Au Caire, l'enthousiasme officiel masque mal l'amertume populaire. La grandeur affichée dans les discours s'évanouit dans les ruelles où le prix du pain grimpe plus vite que les espoirs. Que vaut une Coupe du Monde quand les hôpitaux manquent de médicaments, quand la jeunesse, piégée entre la misère et l'exil, ne rêve plus que d'un avenir ailleurs ?

Le Maroc, lui, veut croire à sa métamorphose. Depuis sa demi-finale en Coupe du Monde, il se rêve en terre d'accueil des plus grands événements sportifs. Stades ultramodernes, investisseurs étrangers, montée en puissance sur la scène internationale. L'image est belle, mais elle n'échappe pas à la tragique dualité de cette ascension : d'un côté, les spots braqués sur les réussites, de l'autre, l'ombre de la précarité grandissante. À quoi sert le prestige si les plus modestes ne peuvent plus se loger, si le pays, fier de ses exploits sportifs, laisse dans l'ombre des milliers d'âmes en détresse? Culture du hachich et tourisme sexuel des activités en vogue d'une période pré-coupe du monde.

Le Liban, pays de poésie et de tragédie, continue d'entretenir son éclat culturel. Festivals de cinéma, concours de beauté, défilés de mode… autant d'événements qui tentent d'entretenir l'illusion d'un pays raffiné et cosmopolite. Mais derrière les projecteurs, la décomposition est à l'œuvre. La livre libanaise s'effondre, les salaires deviennent dérisoires, les jeunes fuient par milliers. Peut-on encore s'émouvoir d'une robe haute couture quand la moitié du pays ne peut plus s'offrir un repas complet ?

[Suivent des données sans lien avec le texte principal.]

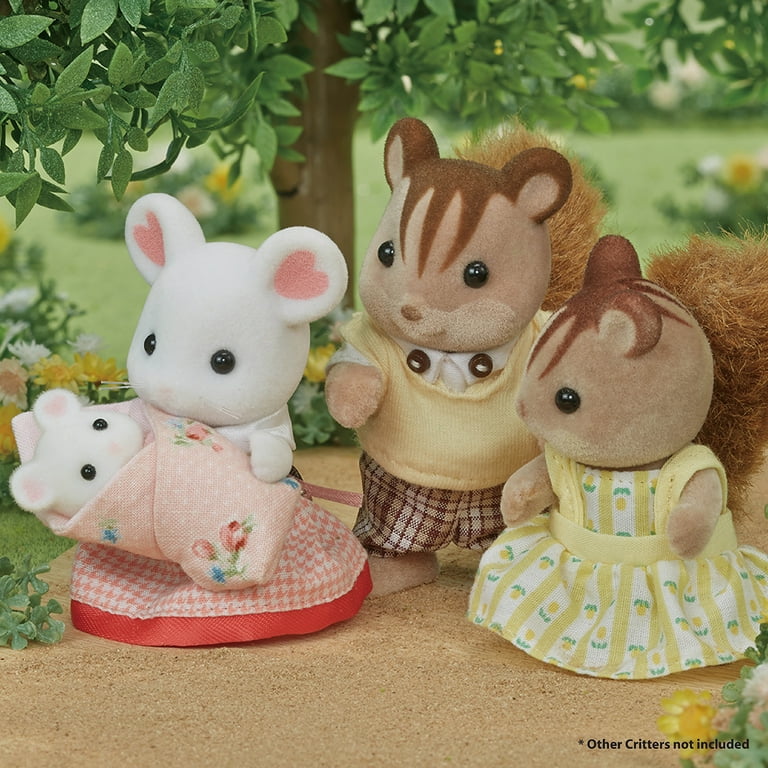 Sylvanian Families Dolls Snow Leopard Family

Et que dire de la Tunisie, ce pays jadis phare du monde arabe, aujourd'hui balloté entre crise économique et naufrage politique ? Dans cette tourmente, les priorités semblent parfois absurdes : des fonds sont trouvés pour des événements mondains, des compétitions de chiens de race, des festivals de films exotiques. Pendant ce temps, le peuple, fatigué et résigné, regarde ses espoirs s'évaporer dans l'indifférence des élites. Mais c'est en Arabie saoudite que l'illusion atteint son paroxysme. Ici, on ne fait pas les choses à moitié. Des millions de dollars sont dépensés pour attirer les plus grandes stars, des festivals où l'alcool coule à flots dans des salons privés tandis que la morale est prêchée sur les plateaux télé. L'Arabie saoudite veut montrer un visage moderne, ouvert, progressiste. Mais derrière les néons et les scènes grandioses, une question demeure : quelle modernité lorsqu'à quelques heures de vol, des enfants meurent sous les bombes? Quel progrès lorsqu'on danse sur les cadavres encore chauds de ses propres frères ?

Dans cette valse macabre, l'histoire retiendra que certains festoyaient pendant que d'autres agonisaient. Elle se souviendra d'une époque où l'argent et le divertissement ont été préférés à la dignité et à la solidarité. Elle jugera ceux qui ont cru qu'un feu d'artifice pouvait illuminer l'obscurité d'une conscience éteinte.

L'amour véritable d'une nation ne se mesure ni à la grandeur de ses événements, ni au nombre de stades construits, ni au faste de ses réceptions. Il se mesure au bien-être de son peuple, à la justice de ses institutions, à la dignité de ses citoyens. On peut tromper les autres un temps, les éblouir avec des spectacles et des paillettes, mais on ne ment pas à une population affamée.

On peut multiplier les festivals, inviter les plus grandes stars, illuminer le ciel de mille feux… mais tant que le monde arabe préférera la vitrine au contenu, l'apparat à la substance, il restera spectateur de son propre déclin. Il continuera de danser au bord du gouffre, inconscient du précipice qui l'attend. Et pendant que certains applaudissent, d'autres creusent des tombes.